**What you need to do:** The exercise calls for the lines from the one containing "Huawei Band 2 Pro 3D Model" to the end of the data below to be output exactly, pictures excluded.

Top of Records supplied

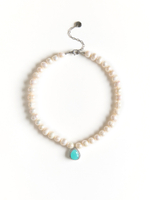 Колье "Constance Pearl" Aqua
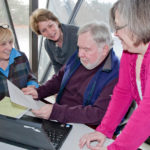 The learning never ends at TechComm Partners PARTNERING UP: The TechComm Partners leadership team, from left: President and CEO Trudy Mandeville, TCP Learning Chief Operating Officer Barbara Jackson, Chief Operating Officer and Vice President Pat Crowshaw and Director of Instructional Technologies Karen Torres. / PBN PHOTO/NATALJA KENT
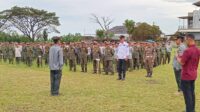 Penampakan 2.111 Satlinmas Siap Amankan Hari Raya Idul Fitri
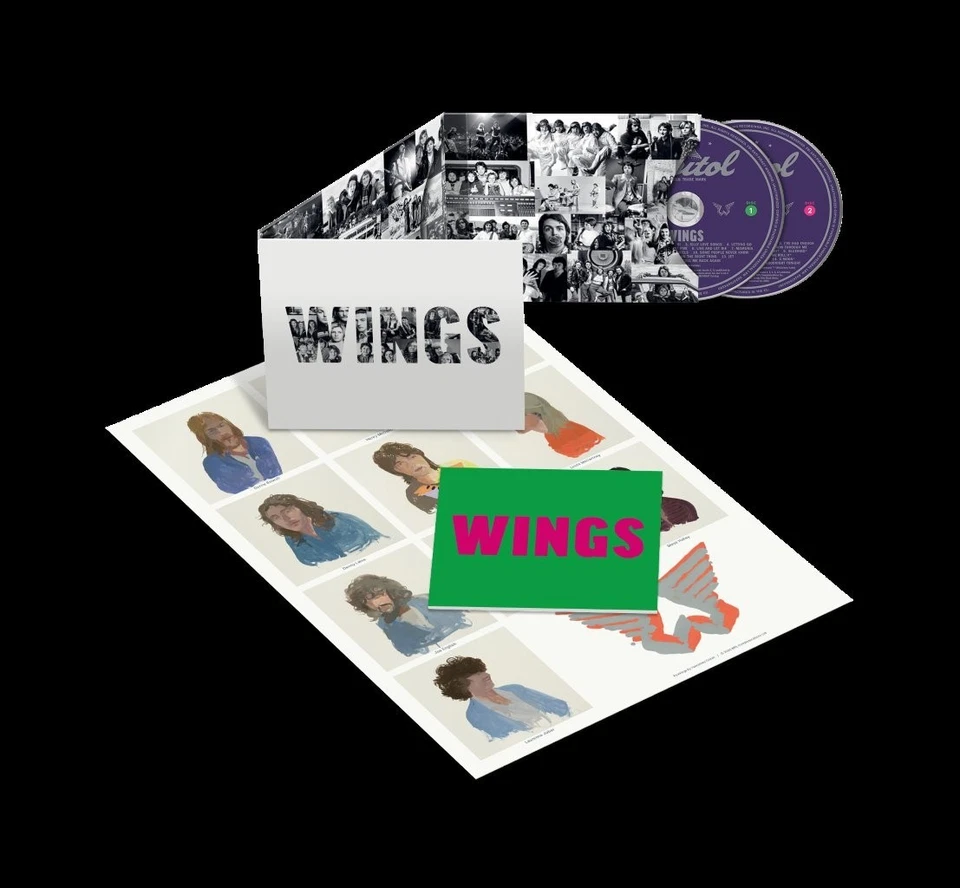Paul McCartney and Wings - WINGS (2CD) [CD] - Image 2 of 2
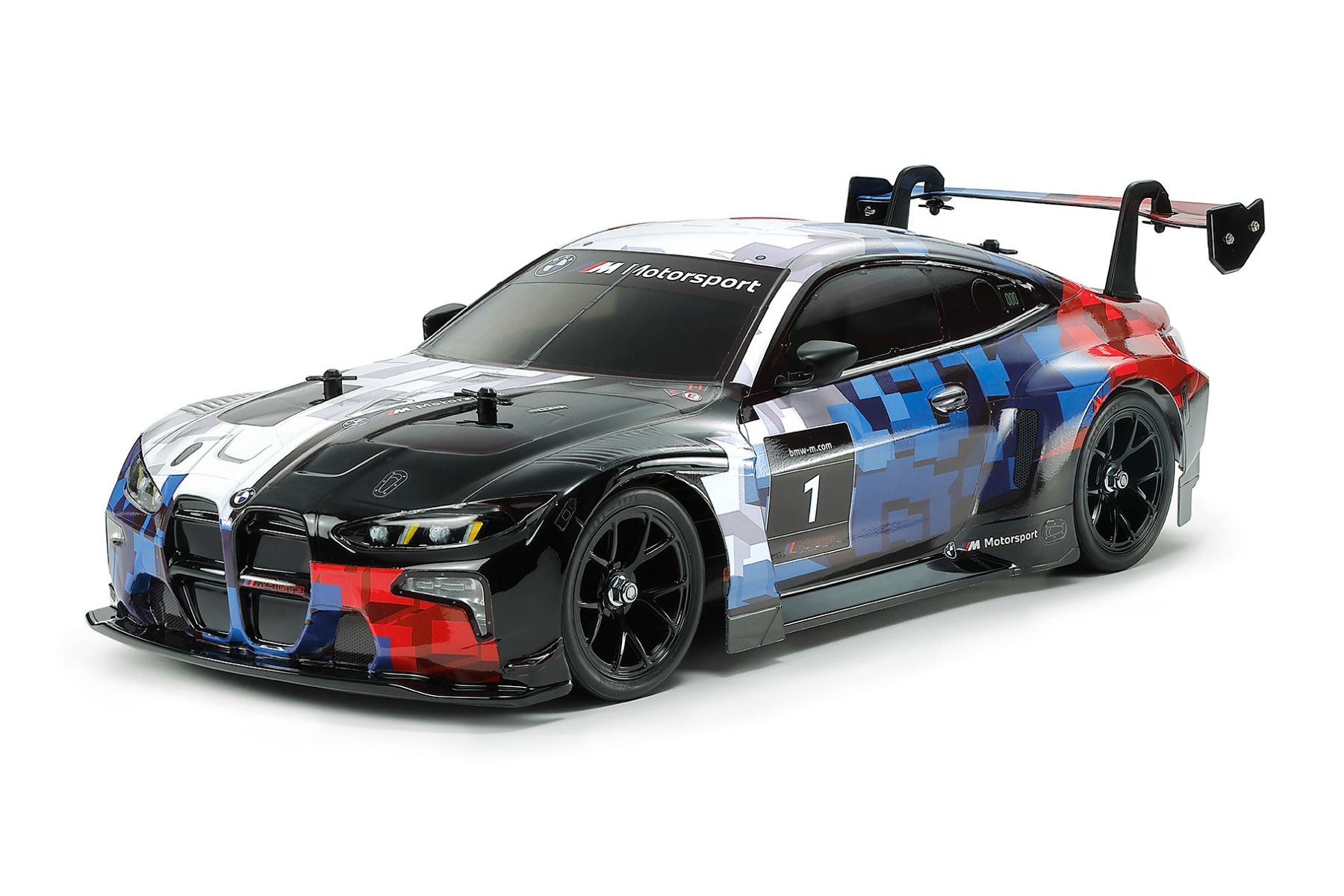 Photos - Model Building Kit TAMIYA 1/10 Scale BMW M4 GT3 EVO RC Model Kit 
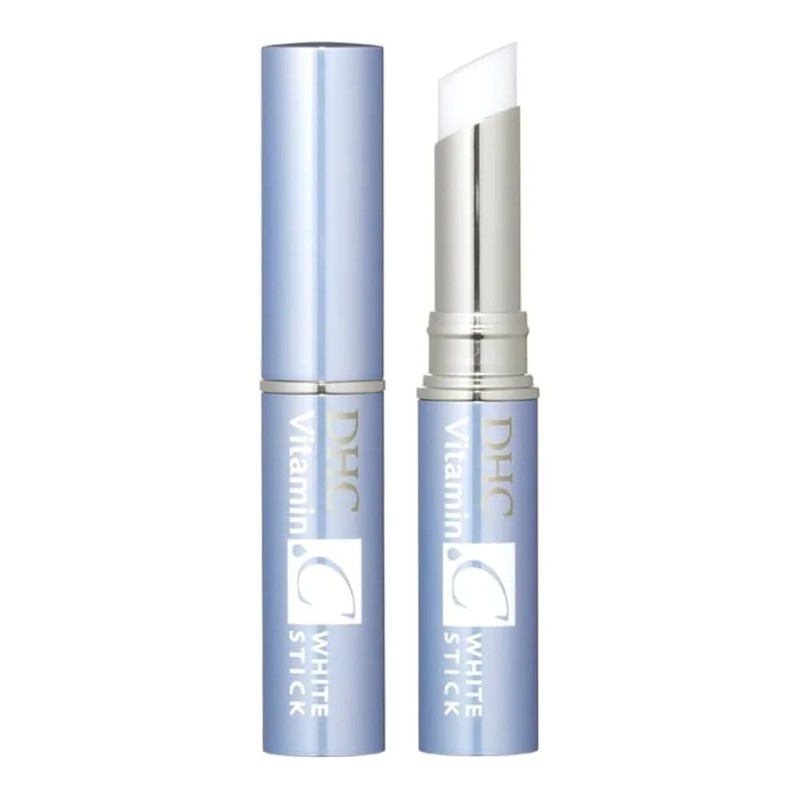 DHC Vitamin C White Stick | StoreJPN lip balm contains extra virgin olive oil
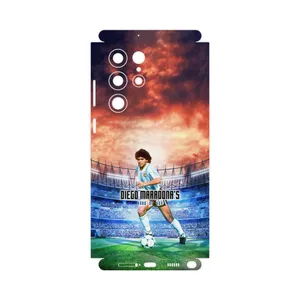MAHOOT Diego Maradona-FullSkin Cover Sticker for Samsung Galaxy S22 Ultra 5G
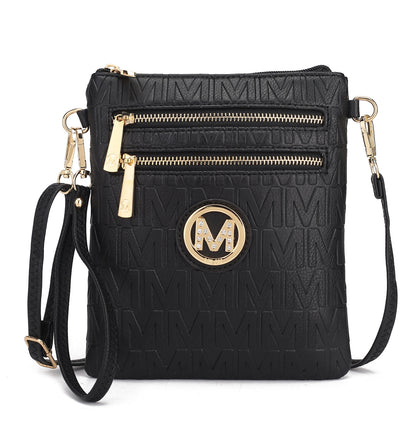 MKF Collection Women's Scarlett Signature Crossbody Bag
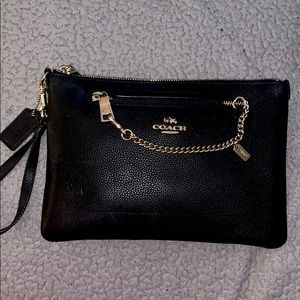 COACH Medium wristlet, Brand new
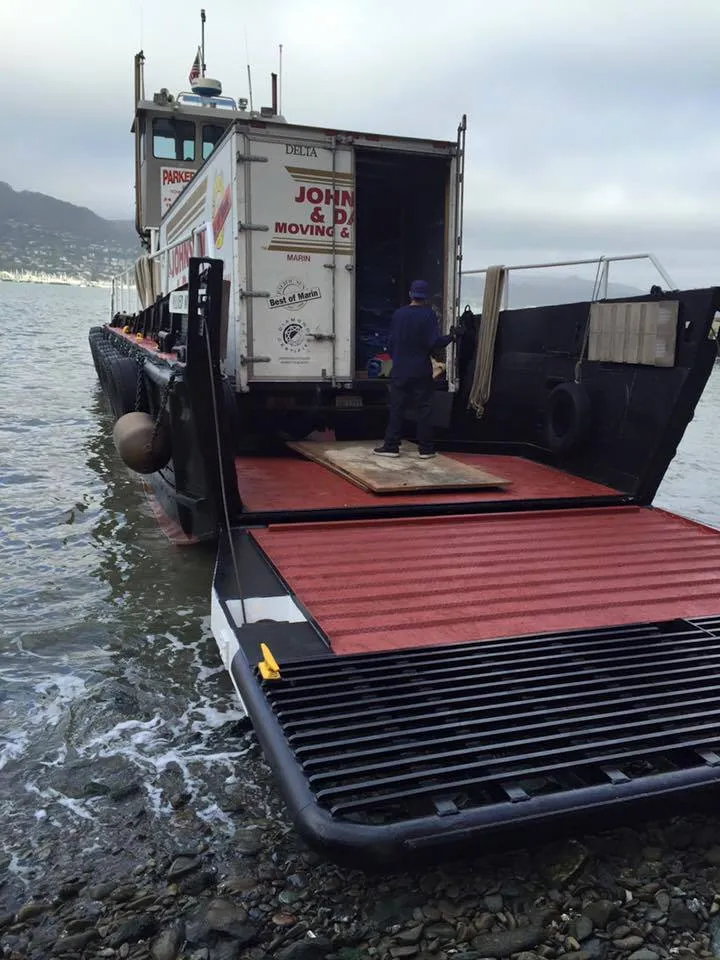 Picture of A unique scene unfolds as a Johnson & Daly Moving & Storage truck is seen aboard a transport vessel, illustrating the companyâ€™s commitment to challenging moves. This dedication to handling intricate relocations underscores their recognition for expertise and quality. Copyright ©2025 Diamond Certified Resource

 - Johnson & Daly Moving & Storage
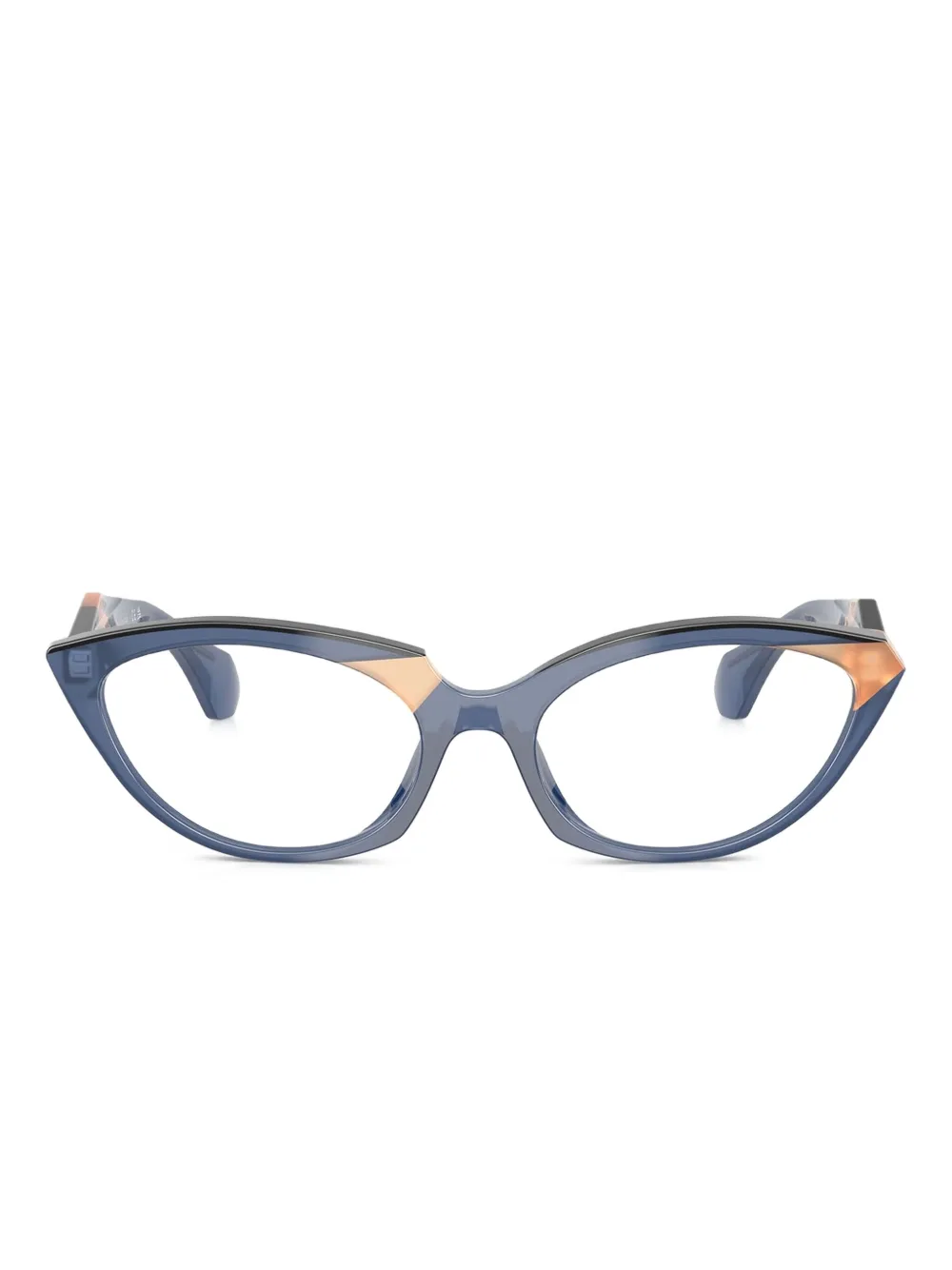 Alain Mikli cat-eye acetate frames | Image 1
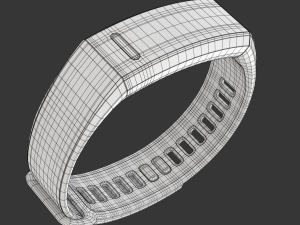 Huawei Band 2 Pro 3D Model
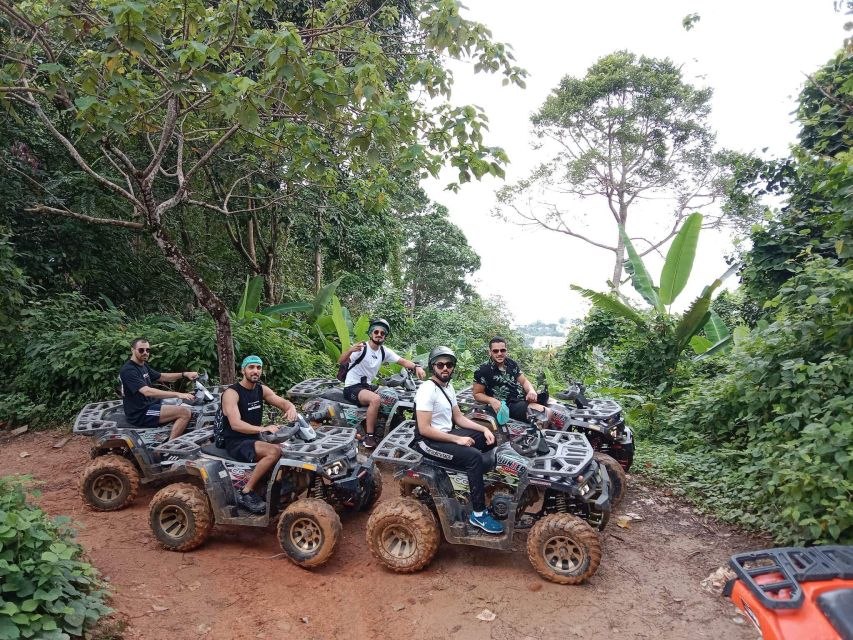 Phuket: ATV Experience and Zipline Combinaton Trip - Common questions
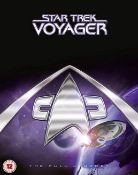 Title: (25/11D) Lot RRP £100. 2x Star Trek Boxset Items. 1x Star Trek Voyager The Full Journey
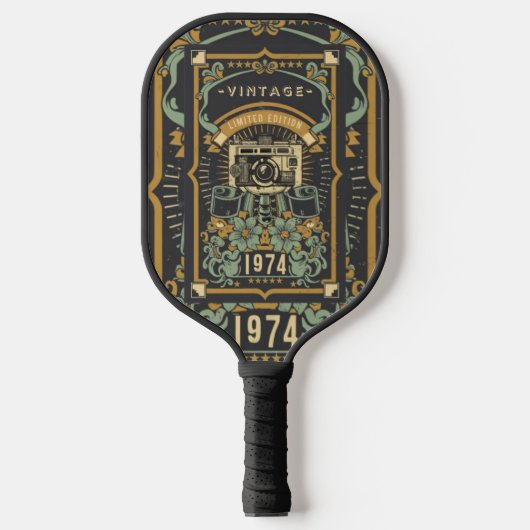  Limited Edition 1974 Pickleball Paddle (Voorkant)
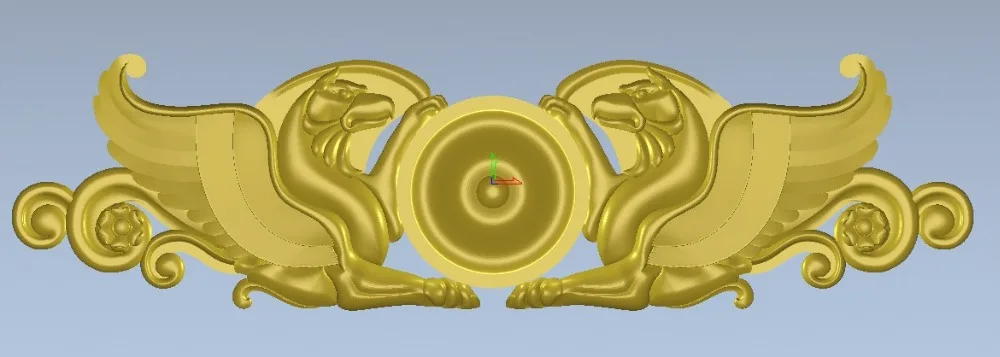 

relief 3d STL models for CNC, Artcam, Aspire, Decor-B94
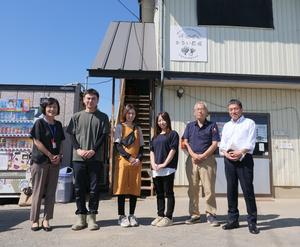 川崎地域内の事業所で働く従業員との懇談の様子2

Bottom of Records supplied

**Answer for the task:**
 Huawei Band 2 Pro 3D Model
 Phuket: ATV Experience and Zipline Combinaton Trip - Common questions
 Title: (25/11D) Lot RRP £100. 2x Star Trek Boxset Items. 1x Star Trek Voyager The Full Journey
  Limited Edition 1974 Pickleball Paddle (Voorkant)

relief 3d STL models for CNC, Artcam, Aspire, Decor-B94
 川崎地域内の事業所で働く従業員との懇談の様子2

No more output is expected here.